Positief imago
Behalve naar de maatschappelijke en sociale achtergronden heeft dr. Schatz ook onderzoek verricht naar de grammaticale eigenaardigheden van het Amsterdams. Werkwoorden worden vaak op een wonderlijke manier vervoegd.

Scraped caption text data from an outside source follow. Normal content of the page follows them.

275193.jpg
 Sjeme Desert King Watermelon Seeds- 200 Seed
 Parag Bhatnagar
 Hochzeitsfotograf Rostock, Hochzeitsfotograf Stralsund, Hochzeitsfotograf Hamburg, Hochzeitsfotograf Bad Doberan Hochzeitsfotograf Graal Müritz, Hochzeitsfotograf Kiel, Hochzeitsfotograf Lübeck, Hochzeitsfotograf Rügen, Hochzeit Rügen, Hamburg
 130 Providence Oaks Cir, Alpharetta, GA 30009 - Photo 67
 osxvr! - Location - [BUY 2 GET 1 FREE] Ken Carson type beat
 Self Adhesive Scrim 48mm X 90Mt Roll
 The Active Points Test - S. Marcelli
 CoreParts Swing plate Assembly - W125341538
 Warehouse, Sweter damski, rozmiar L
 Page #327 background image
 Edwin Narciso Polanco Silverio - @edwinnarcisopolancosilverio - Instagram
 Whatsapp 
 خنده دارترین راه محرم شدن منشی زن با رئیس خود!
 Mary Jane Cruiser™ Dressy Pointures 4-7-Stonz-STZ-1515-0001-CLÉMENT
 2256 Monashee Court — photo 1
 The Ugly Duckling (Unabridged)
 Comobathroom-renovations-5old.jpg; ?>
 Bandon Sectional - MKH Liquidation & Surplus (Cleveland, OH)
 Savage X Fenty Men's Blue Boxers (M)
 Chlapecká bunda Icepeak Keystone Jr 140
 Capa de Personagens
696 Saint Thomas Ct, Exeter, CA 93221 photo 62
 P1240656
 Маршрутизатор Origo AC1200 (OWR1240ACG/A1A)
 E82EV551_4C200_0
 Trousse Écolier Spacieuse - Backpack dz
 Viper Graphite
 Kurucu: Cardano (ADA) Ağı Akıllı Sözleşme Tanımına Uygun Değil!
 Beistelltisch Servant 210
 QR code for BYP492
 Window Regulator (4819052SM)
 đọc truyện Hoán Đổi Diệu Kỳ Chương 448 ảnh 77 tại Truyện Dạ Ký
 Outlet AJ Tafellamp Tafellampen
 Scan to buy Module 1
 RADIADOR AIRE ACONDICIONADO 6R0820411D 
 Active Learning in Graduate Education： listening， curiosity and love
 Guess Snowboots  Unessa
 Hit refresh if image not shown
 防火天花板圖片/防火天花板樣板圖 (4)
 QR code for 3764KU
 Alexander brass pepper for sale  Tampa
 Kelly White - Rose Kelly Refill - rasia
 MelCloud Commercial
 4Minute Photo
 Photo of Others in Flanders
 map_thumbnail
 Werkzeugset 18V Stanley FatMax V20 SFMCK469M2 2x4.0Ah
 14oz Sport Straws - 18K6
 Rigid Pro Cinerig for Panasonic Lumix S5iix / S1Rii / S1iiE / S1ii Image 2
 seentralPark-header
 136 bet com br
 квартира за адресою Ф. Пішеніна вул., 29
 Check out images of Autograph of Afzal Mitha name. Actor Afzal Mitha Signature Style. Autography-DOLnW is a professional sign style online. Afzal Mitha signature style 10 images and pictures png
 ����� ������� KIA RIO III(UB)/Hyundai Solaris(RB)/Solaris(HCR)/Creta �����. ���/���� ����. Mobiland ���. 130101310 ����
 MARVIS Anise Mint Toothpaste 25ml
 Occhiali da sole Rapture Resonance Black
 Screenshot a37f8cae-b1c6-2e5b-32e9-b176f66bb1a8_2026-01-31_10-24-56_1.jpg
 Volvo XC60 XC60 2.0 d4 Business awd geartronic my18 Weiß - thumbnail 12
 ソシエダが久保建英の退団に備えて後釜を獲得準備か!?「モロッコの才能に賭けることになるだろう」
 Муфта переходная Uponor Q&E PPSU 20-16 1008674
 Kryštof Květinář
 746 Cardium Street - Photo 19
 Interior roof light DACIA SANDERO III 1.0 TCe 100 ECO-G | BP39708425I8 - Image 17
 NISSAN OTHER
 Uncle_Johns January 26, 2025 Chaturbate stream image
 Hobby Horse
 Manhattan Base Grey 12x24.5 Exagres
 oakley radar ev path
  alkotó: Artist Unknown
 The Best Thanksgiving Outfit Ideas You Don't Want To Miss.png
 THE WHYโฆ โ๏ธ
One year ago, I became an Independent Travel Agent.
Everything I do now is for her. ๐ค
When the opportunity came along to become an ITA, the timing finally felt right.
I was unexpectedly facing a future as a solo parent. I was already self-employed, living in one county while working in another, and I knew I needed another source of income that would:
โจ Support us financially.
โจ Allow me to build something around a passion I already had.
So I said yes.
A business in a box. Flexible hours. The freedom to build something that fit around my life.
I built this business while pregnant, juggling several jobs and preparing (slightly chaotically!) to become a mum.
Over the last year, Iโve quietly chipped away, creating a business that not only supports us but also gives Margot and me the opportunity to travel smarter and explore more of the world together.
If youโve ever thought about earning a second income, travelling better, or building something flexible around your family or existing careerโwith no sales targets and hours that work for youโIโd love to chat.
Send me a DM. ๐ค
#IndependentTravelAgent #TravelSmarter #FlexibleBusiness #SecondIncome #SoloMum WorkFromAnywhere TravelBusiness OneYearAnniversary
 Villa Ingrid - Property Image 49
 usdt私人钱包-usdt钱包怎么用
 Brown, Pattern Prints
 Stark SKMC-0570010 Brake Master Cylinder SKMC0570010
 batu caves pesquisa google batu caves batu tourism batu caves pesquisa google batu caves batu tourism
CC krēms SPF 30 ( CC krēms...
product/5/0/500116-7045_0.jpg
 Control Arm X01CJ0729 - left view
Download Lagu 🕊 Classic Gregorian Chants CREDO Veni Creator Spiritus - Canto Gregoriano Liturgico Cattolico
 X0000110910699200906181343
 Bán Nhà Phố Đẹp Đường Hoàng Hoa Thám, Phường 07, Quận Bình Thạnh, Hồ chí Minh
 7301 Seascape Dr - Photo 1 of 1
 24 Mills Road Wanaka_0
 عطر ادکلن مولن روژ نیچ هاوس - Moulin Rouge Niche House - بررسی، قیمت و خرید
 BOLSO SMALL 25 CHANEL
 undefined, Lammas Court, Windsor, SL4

Neem het werkwoord ‘hebben’ met de vervoegingen ik heb/jij heb/hij heb. ‘Zijn’ met de vervoeging wij zijne, ‘gaan’ met ik gaan/wij gaan, ‘doen’ met de vormen ik doen/wij doene of ‘zeggen’ met de verleden tijd ik/jij/hij zee; wij/jullie/zij zeeën. Bij een aantal voornaamwoorden wordt soms ook een andere vorm gebruikt, zoals mijn in plaats van mij, of hunnie in plaats van zij. Het betrekkelijk voornaamwoord wie wordt in het Amsterdams niet alleen gebruikt om naar personen maar ook om naar zaken te verwijzen. Johan Cruijff heeft het op de televisie weleens gehad over de dingen wie we als voetballer allemaal moeten kunnen.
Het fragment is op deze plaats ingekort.